*Directions:*
Exact copy required. Repeat the records, but keep the pictures out.

(Listed entries begins)

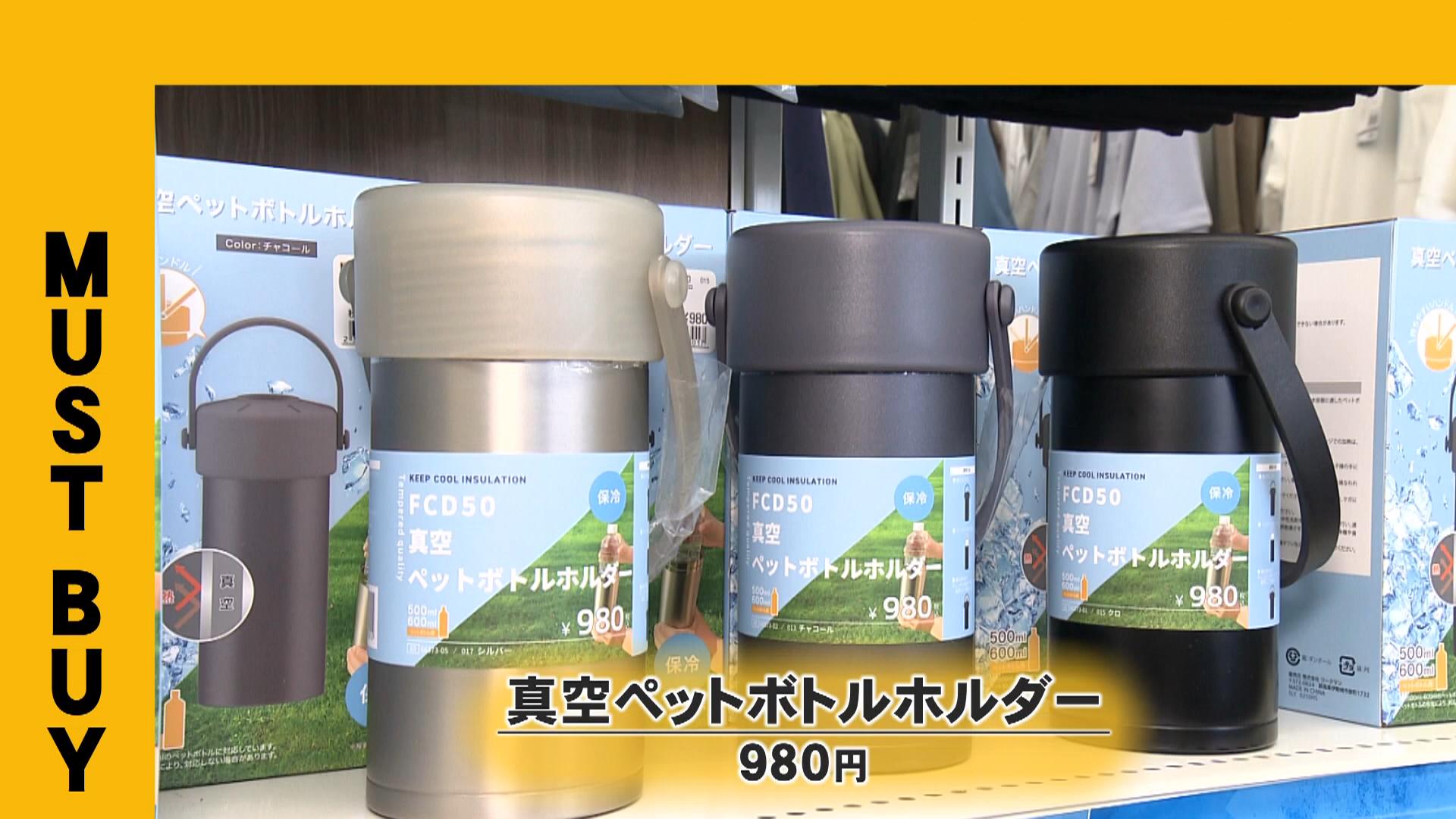 ワークマン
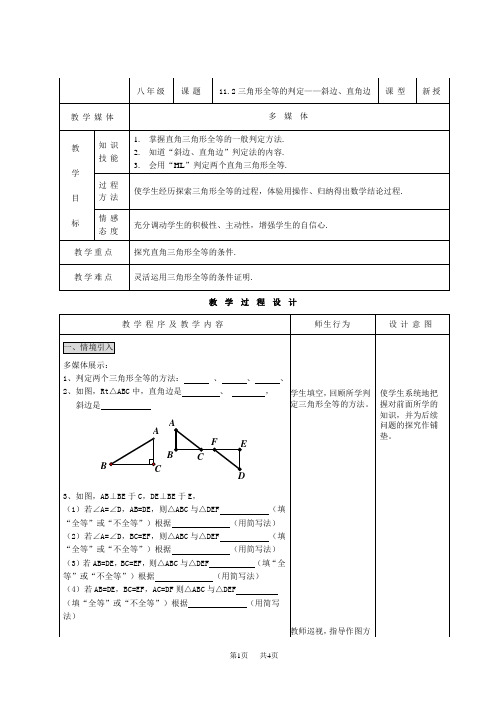 初中八年级数学 11.2三角形全等的判定——“斜边、直角边”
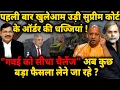 Download Lagu CJI Gavai Next Order ? : पहली बार खुलेआम उड़ी सुप्रीम कोर्ट के ऑर्डर की धज्जियां !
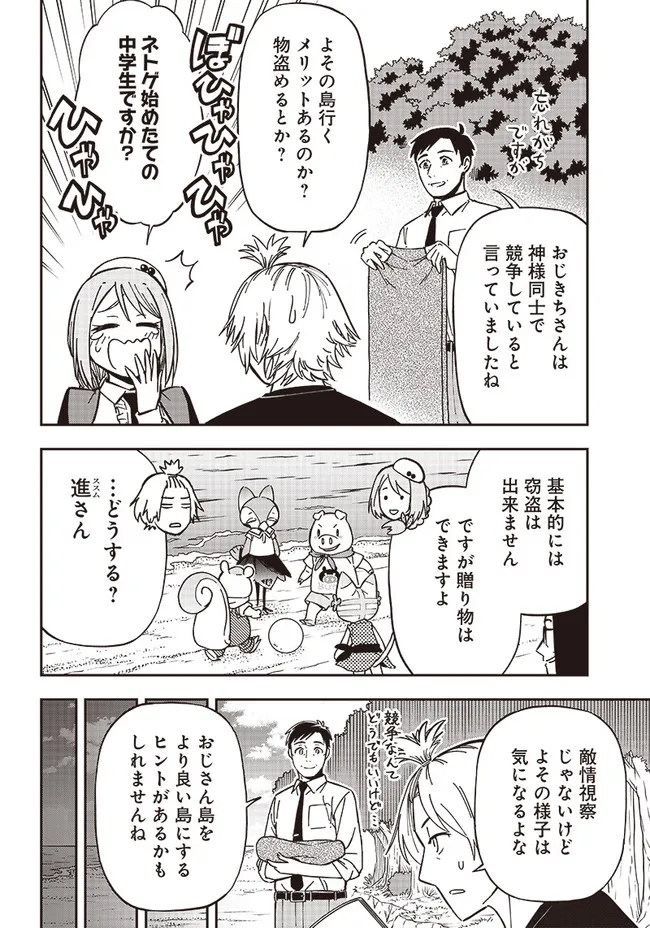 はたらけ！ おじさんの森 第8.1話 - Page 4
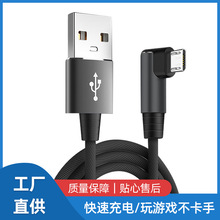0.25米安卓单弯头充电线数据线1米手游线2米3m吃鸡游戏安卓电源线
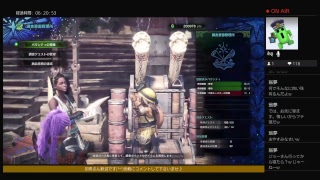 モンスターハンターワールド　古龍の金冠集めする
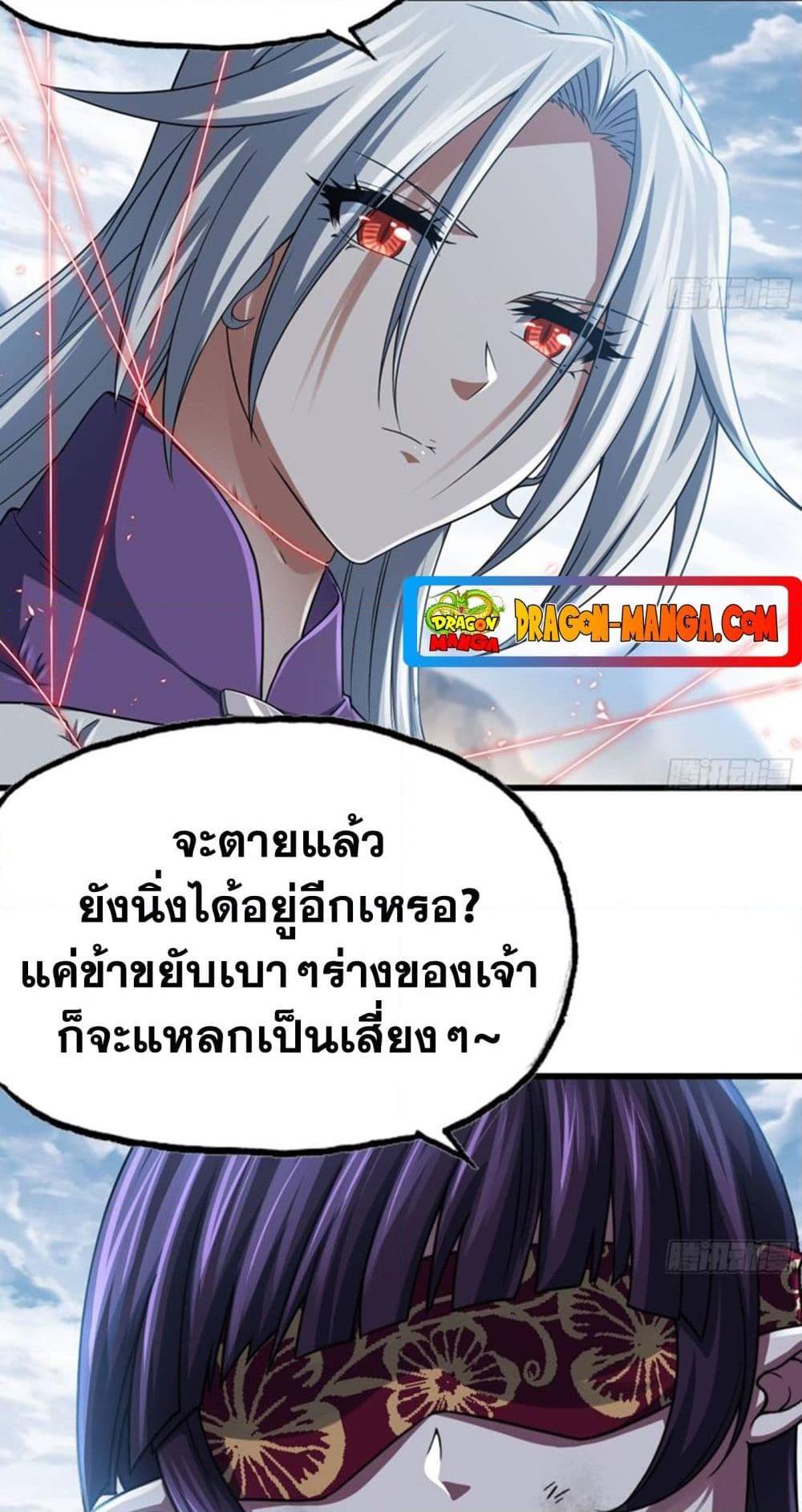 My Wife is a Demon Queen ตอนที่ 274 (23)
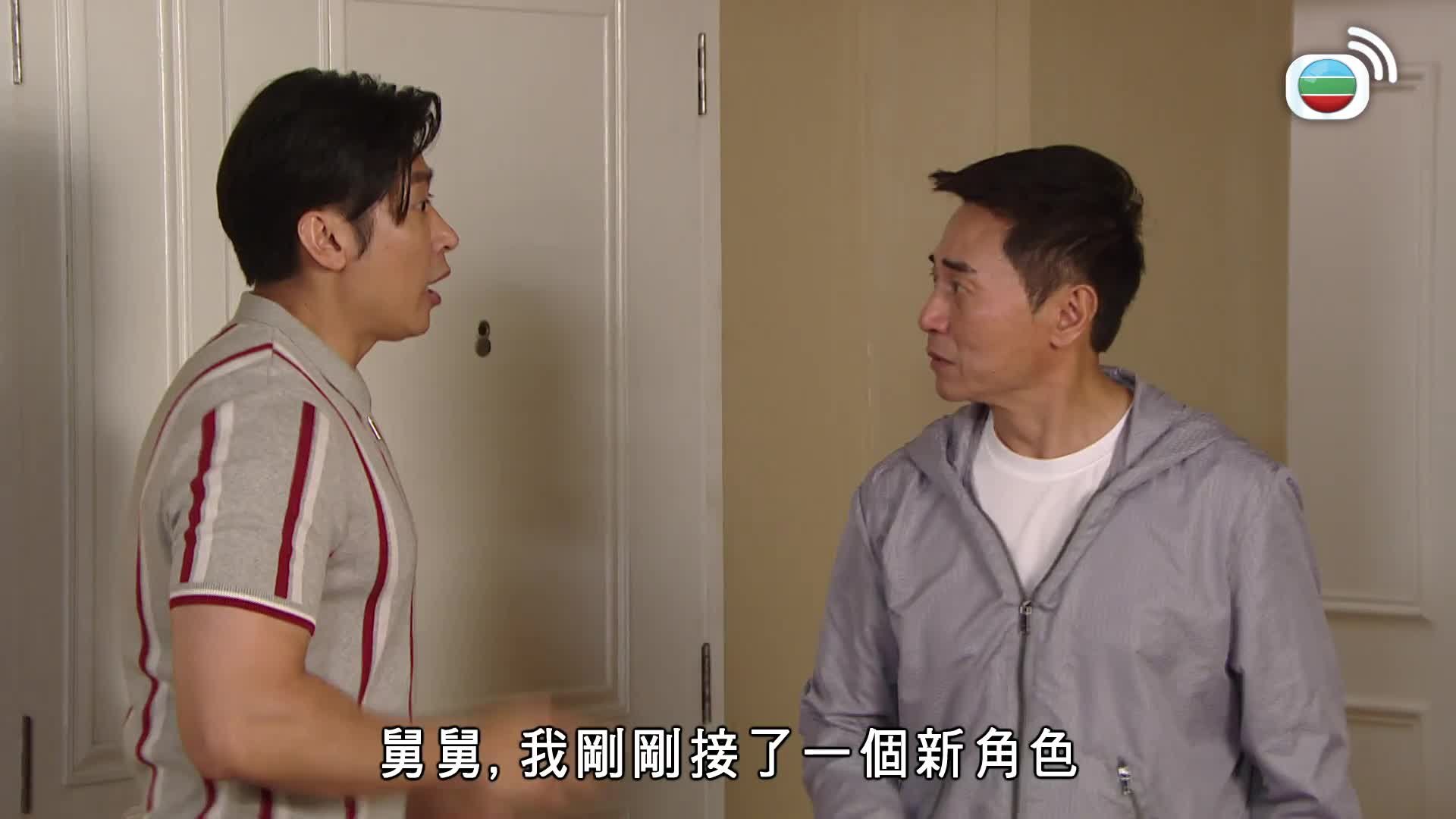 愛．回家之開心速遞 (25)-Lo And Behold (25)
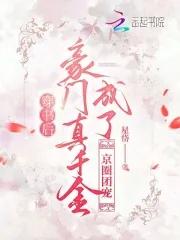 穿书后成为豪门团宠全文免费阅读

(Listed entries ends)

*Finished exercise:*
 ワークマン
 初中八年级数学 11.2三角形全等的判定——“斜边、直角边”
 Download Lagu CJI Gavai Next Order ? : पहली बार खुलेआम उड़ी सुप्रीम कोर्ट के ऑर्डर की धज्जियां !
 はたらけ！ おじさんの森 第8.1話 - Page 4
0.25米安卓单弯头充电线数据线1米手游线2米3m吃鸡游戏安卓电源线
 モンスターハンターワールド　古龍の金冠集めする
 My Wife is a Demon Queen ตอนที่ 274 (23)
 愛．回家之開心速遞 (25)-Lo And Behold (25)
 穿书后成为豪门团宠全文免费阅读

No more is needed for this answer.